“The problem with communications is the illusion that it has been accomplished.” ~George Bernard Shaw
Wellness is one of the biggest buzzwords in corporations these days. Companies recognize that healthy employees have a positive impact on recruitment, retention and productivity. However, more time usually is spent on developing the program compared with communicating the initiative. Often an afterthought, it’s one of the most vital elements of a program’s success. “A flawed plan well communicated is better than a perfect plan poorly communicated.“1
As I discussed on a recent blog post “Essential Tips for Successfully Communicating Change”, clear and transparent ongoing communications are essential to build engagement, pride and trust in the company and its leadership. A one-time communication will not evoke change. You must share information across mediums in a consistent way. If you choose to create a culture of health, you will need to:
- Discover what’s important to your employees,
- Create a program that combines their interests and yours,
- Implement initiatives in a phased approach, and
- Sustain participation and grow according to feedback
A successful wellness communication plan will foster an organizational commitment to employee health and engagement.
In the discovery phase, you need to explore what might incent employees to participate and why the workplace offers a convenient outlet aligned with individual health goals. Then, ask your core planning team a few key questions: What’s our definition of wellness? What needs to change about our current program? Why is this a priority now? Who will benefit and why? What role does wellness play, or would we like it to play, in our culture?
To match your intentions with employees’ interests and goals, “consider holding a half-hour roundtable discussion, or simply exchanging emails, to learn more about what kind of information (and delivery methods) they’d find most useful.”2 In general, using multiple mediums (meetings, postal mail, email, intranet, eBoard, posters and table tents) is important in any communications plan because everyone absorbs information differently.
With the data you’ve collected, you’ll want to develop objectives, strategies and positioning. Brainstorming on the name, logo and tagline for your program could be a team effort or company competition. You’ll also want to develop launch kit components, keeping in mind that one size won’t fit all.
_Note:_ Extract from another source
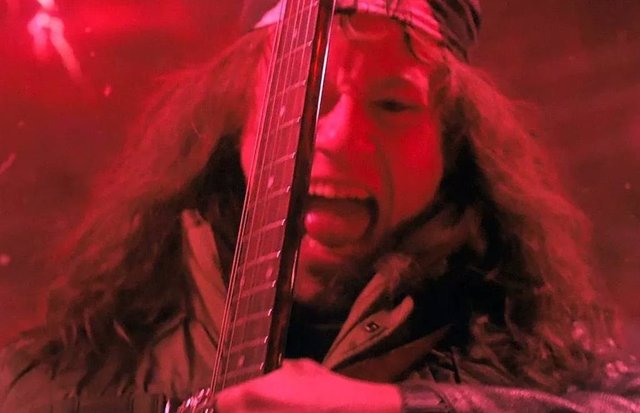 Stanger Things vuelve a llevar un tema de Metallica a las listas de éxitos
In order to effectively communicate the wellness program, it’s best to start with encouragement from executives and line managers, who support and embrace participation. Then a good next step is to host a kickoff celebration and related events that support the campaign. For ongoing communications, keep the messages direct with actionable items included. “More companies and communities are realizing the antidote is a one-two combination — brevity and clarity.”1
The most common mistake I see companies make is limiting wellness communications to the launch of the program. One way to maintain visibility is to recognize and celebrate success: “Employee success stories should be highlighted and shared to help motivate others to make lifestyle changes.”3 In addition, companies should continue talking to employees about how the program is evolving, creating measurable milestones, and building additional stages of the program that grow along with your culture.